This is worse than a case of calling a glass "half-empty" when it is "half-full." This is like taking the glass and pouring it out.
Deirdre Bolton, an anchor for Bloomberg TV, appeared on CBS's January 9 "The Early Show" to report on a survey of economists Bloomberg conducted January 3-8 about whether or not a recession is in the immediate future of the U.S. economy.
"[W]ell, as you said the economy certainly is front and center," Bolton said. "And in fact in the latest survey of Bloomberg economists, economists putting the odds of developing a recession at about 40 percent. Jay Bryson - he's a global economist at Wachovia - he says we are skating on the edge of recession, but it's all going to come down to the consumer. Another economist that we spoke with said that consumers right now are really hanging on by their fingernails. And of course it's not really a surprise."
However, Bolton completely distorted the message of the survey - based on how Bloomberg's Web site reported it. An article by Shobhana Chandra and Alex Tanzi said the U.S. will escape recession, according to the economists in the survey.
"Economic growth will average 1.5 percent in the first six months of 2008, matching the fourth quarter's pace, according to the median estimate of 62 economists surveyed by Bloomberg News from Jan. 3 to Jan. 8," Chandra and Tanzi wrote. "The rate of expansion would be the weakest since the last nine months of 2001."
Bolton even made comparisons of the current economic climate to "when Jimmy Carter was president."
"We've had rising food, rising energy costs," Bolton said. "Also, the worst housing market in 27 years. So that, of course, was back when Jimmy Carter was president."

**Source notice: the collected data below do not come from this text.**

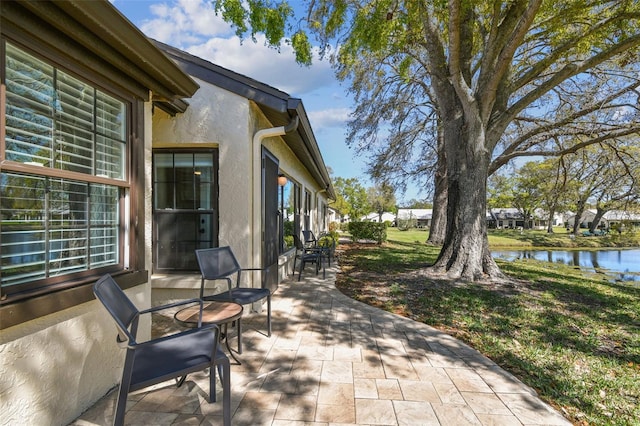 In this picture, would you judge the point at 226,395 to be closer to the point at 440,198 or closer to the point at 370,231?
the point at 370,231

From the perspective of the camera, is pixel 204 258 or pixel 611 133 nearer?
pixel 204 258

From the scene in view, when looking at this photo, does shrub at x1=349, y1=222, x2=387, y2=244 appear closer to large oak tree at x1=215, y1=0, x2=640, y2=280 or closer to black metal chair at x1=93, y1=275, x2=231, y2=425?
large oak tree at x1=215, y1=0, x2=640, y2=280

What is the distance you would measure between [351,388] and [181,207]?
336 cm

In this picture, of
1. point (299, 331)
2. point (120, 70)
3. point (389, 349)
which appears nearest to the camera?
point (120, 70)

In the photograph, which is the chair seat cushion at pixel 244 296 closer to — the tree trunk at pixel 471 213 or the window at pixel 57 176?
the window at pixel 57 176

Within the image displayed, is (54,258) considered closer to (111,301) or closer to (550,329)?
(111,301)

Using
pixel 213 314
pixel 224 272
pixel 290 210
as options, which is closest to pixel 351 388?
pixel 213 314

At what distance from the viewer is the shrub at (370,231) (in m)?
15.8

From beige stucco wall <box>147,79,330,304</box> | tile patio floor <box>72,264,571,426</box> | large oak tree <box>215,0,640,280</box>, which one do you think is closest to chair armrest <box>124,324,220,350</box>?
tile patio floor <box>72,264,571,426</box>

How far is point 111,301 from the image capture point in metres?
1.87

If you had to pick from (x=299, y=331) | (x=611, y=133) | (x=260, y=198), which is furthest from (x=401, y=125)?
(x=299, y=331)

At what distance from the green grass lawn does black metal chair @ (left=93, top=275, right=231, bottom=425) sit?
8.52 ft

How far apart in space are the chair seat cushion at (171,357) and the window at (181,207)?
2.61 m

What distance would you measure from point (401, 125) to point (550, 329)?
1177 centimetres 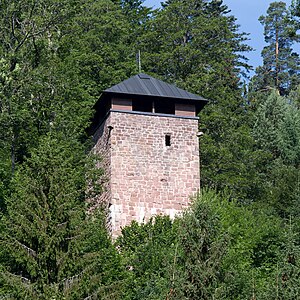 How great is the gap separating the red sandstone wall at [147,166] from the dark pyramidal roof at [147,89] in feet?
2.40

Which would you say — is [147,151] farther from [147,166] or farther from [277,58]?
[277,58]

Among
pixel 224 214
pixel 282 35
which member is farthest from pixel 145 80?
pixel 282 35

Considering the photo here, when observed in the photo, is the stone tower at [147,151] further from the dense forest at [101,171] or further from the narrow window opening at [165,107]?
the dense forest at [101,171]

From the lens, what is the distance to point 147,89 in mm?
27109

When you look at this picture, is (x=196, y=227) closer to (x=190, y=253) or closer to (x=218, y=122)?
(x=190, y=253)

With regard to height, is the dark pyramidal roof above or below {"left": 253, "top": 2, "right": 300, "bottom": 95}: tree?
below

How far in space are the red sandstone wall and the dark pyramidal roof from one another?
28.8 inches

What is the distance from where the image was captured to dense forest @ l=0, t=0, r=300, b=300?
57.1 ft

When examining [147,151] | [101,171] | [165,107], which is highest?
[165,107]

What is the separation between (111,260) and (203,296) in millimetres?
6665

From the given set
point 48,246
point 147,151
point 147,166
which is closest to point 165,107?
point 147,151

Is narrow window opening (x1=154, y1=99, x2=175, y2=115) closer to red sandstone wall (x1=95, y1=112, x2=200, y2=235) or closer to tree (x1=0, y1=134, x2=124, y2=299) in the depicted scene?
red sandstone wall (x1=95, y1=112, x2=200, y2=235)

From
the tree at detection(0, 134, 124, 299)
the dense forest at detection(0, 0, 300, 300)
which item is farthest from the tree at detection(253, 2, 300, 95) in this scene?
the tree at detection(0, 134, 124, 299)

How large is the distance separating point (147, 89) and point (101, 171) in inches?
121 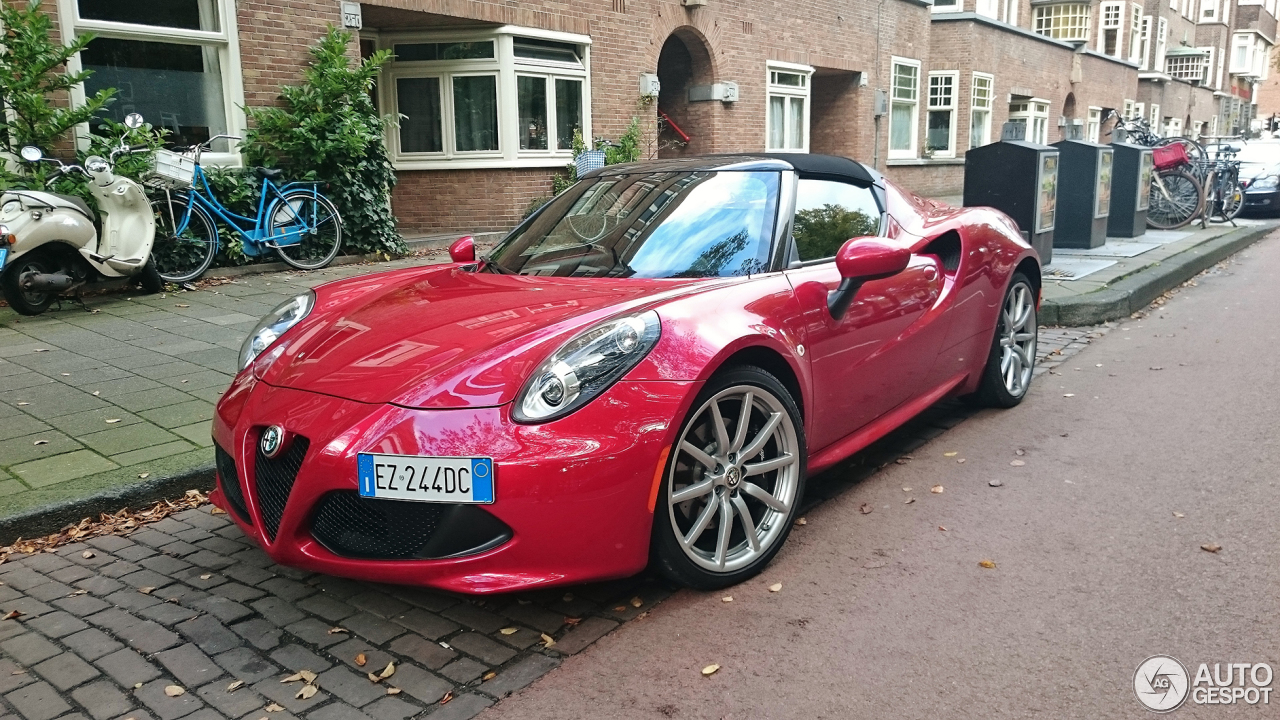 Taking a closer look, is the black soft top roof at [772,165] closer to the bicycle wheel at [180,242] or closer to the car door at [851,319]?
the car door at [851,319]

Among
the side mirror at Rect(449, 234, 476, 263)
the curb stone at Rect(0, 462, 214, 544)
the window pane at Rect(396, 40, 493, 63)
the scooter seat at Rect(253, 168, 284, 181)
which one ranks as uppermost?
the window pane at Rect(396, 40, 493, 63)

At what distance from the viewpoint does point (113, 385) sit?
5461mm

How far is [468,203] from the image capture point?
13.0 m

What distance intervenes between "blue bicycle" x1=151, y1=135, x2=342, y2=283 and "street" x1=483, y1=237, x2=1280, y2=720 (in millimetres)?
7122

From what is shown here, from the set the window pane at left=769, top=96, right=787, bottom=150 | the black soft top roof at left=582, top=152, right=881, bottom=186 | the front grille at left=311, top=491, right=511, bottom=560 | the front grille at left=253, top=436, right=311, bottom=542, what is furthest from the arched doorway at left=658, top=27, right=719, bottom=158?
the front grille at left=311, top=491, right=511, bottom=560

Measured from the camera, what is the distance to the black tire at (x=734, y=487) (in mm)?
A: 2953

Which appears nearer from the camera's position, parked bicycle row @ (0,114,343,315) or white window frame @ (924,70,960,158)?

However, there is a long way to go before we can invoke the name of Jimmy Carter when making economic comparisons. Radio host Sean Hannity summed up the economy after Carter in his 2004 book "Let Freedom Ring":
"Jimmy Carter left office with the American economy sinking fast - soaring unemployment, double-digit inflation, double-digit interest rates, a contracting economy, and a sense that America's best days might be behind her."
Currently, inflation is at 4.3 percent and the interest rate for the benchmark 30-year fixed mortgage, according to Bankrate.com, is 6.14 percent. Those are just a fraction of what they were during the late 1970s.